Who makes that AC system and how much does it cost? What is the actual peak power output it can deliver? We routinely get a single WarP 9 to deliver 100kW for 10-15 seconds when dyno testing our controller, and it's mainly the test setup's battery pack and the 3500 RPM limit of the dyno that prevents us from getting even more out of a single WarP 9. 

That DC motor and controller combo costs less than $5,000, btw.




dragster said:


> The person whom stared this thread is looking for a system to drive a heavy vehicle. Sorry I did not mean to up set you.


Nah, you didn't upset me, you just happen to be suggesting the exactly wrong motor for the OP's needs.

AC motors are more and more taking over the types of jobs that were strictly the province of DC motors, but they won't ever totally replace them. When it comes to starting torque, though, nothing beats a series dc motor, and that is what you need to accelerate a vehicle from a complete stop.


----------



## Crash_AF (Sep 18, 2009)

Hi Tesseract,
Can you give me some more details on what kind of setup you would recommend for my application?

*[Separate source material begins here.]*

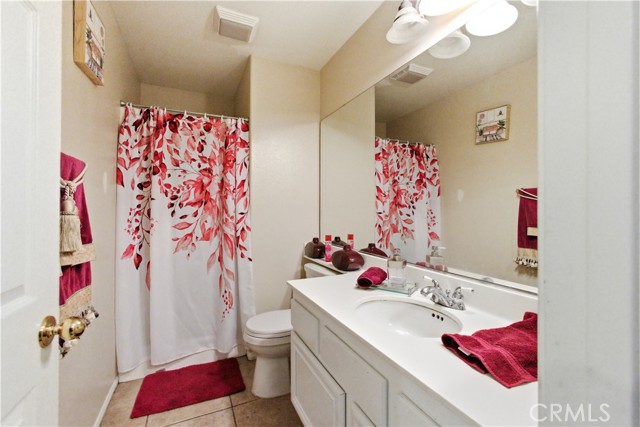 Detail Gallery Image 16 of 33 For 33671 Marigold, Murrieta,  CA 92563 - 5 Beds | 3 Baths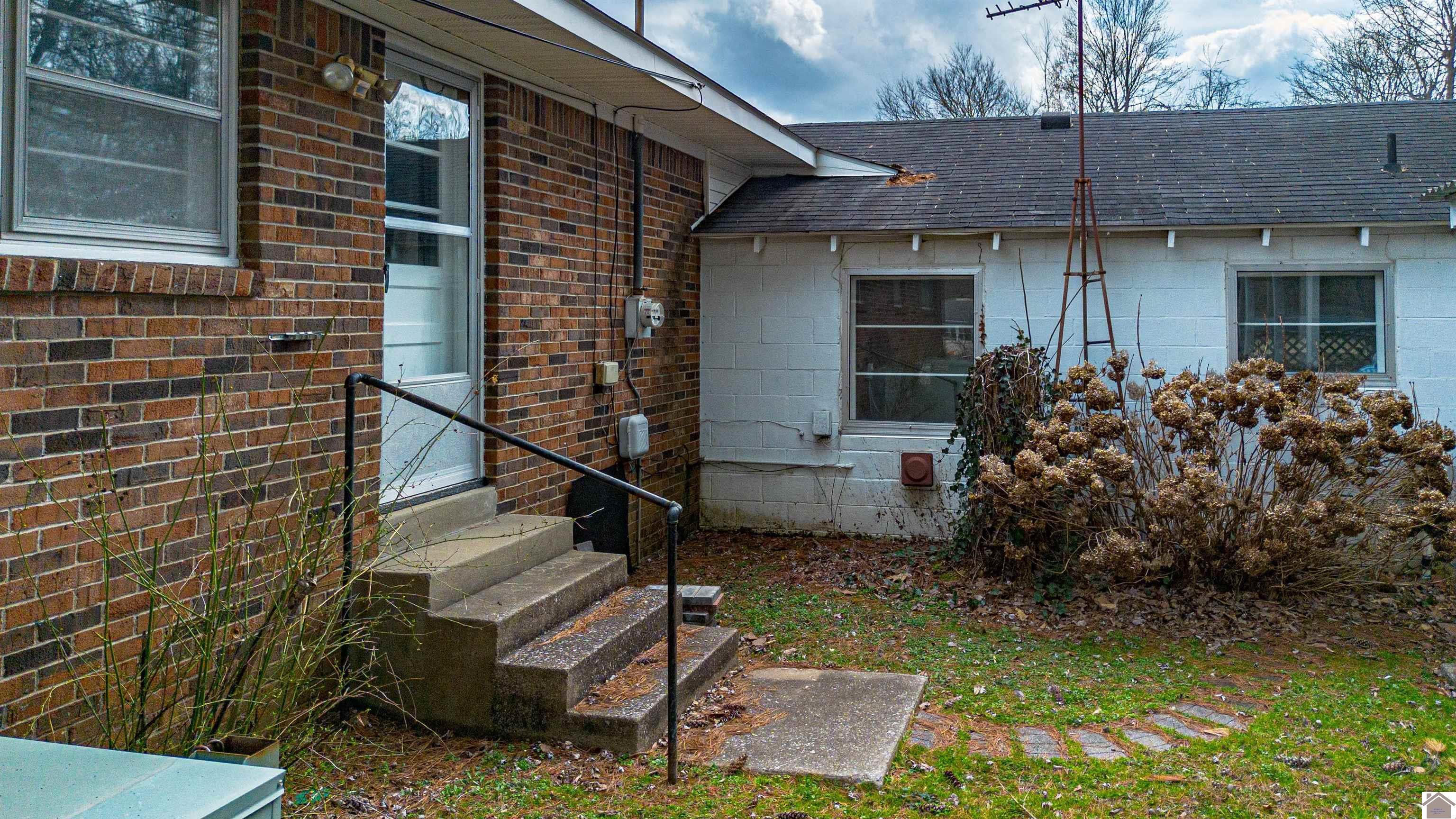 133 Frankfort Avenue, Paducah, KY 42001 Listing Photo  38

Again, the vehicle will probably weigh somewhere in the neighborhood of 6k with batteries and the whole family in it.

Thanks,
Joe


----------



## dragster (Sep 3, 2008)

If your drag racing then the DC system works best for short burst. However on this forum I have yet to see a 5300LB truck going 35 miles up and down hill at 75 miles PER HOUR. Do you think GM is building the chevy volt with an AC motor and picked the more expensive system because they liked to spend more money. As for starting off with any vehicle you can use the tuque from the electric motor but this use up a lot of amps. The first SUV we built we keep it in second gear and it had no problem taking off but used up a lot of amps and could only go 15 miles when we got the transmission working it was like a new vehicle I guess that is way the auto industries in vented them do you think!!


----------



## Tesseract (Sep 27, 2008)

dragster said:


> If your drag racing then the DC system works best for short burst. However on this forum I have yet to see a 5300LB truck going 35 miles up and down hill at 75 miles PER HOUR.

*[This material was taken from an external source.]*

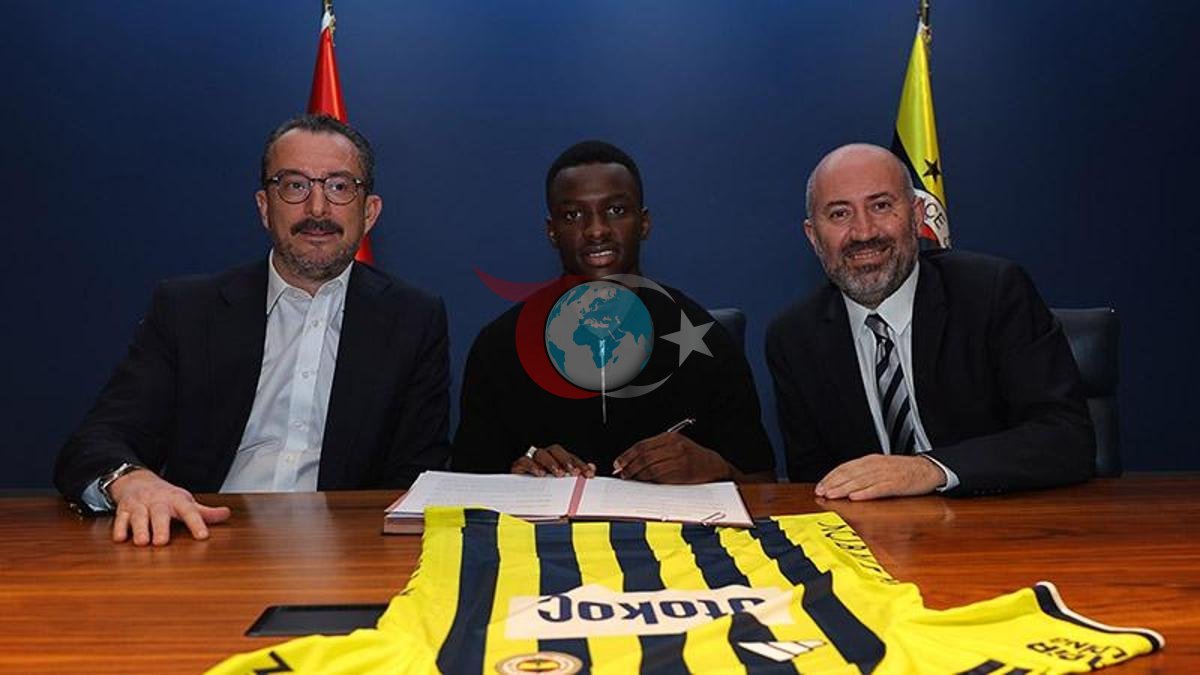 Fenerbahçe'den Amara Diouf'a 5 Yıllık Anlaşma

No, you can make a very capable "dragster" with AC, too. The Tesla's seem to be doing quite well - in stock form - at the track.

As for a 5300lb truck, no, you don't see them going up and down hills at 75mph all that often - whether gas, diesel or electric powered! Once again, AC does not confer some magic ability to drive up steep inclines with heavy loads. In fact, one could argue the opposite: after all, most large cranes and hoists still use series DC electric motors to do the heavy lifting, literally.




dragster said:


> Do you think GM is building the chevy volt with an AC motor and picked the more expensive system because they liked to spend more money.


I don't pretend to know why GM makes the decisions it does. 

I will submit, though, that there hasn't been a single car company in the last, oh, 70 years that has produced a successful electric car, so I'm not sure what you might be trying to prove with the Volt (especially since it hasn't even hit the market).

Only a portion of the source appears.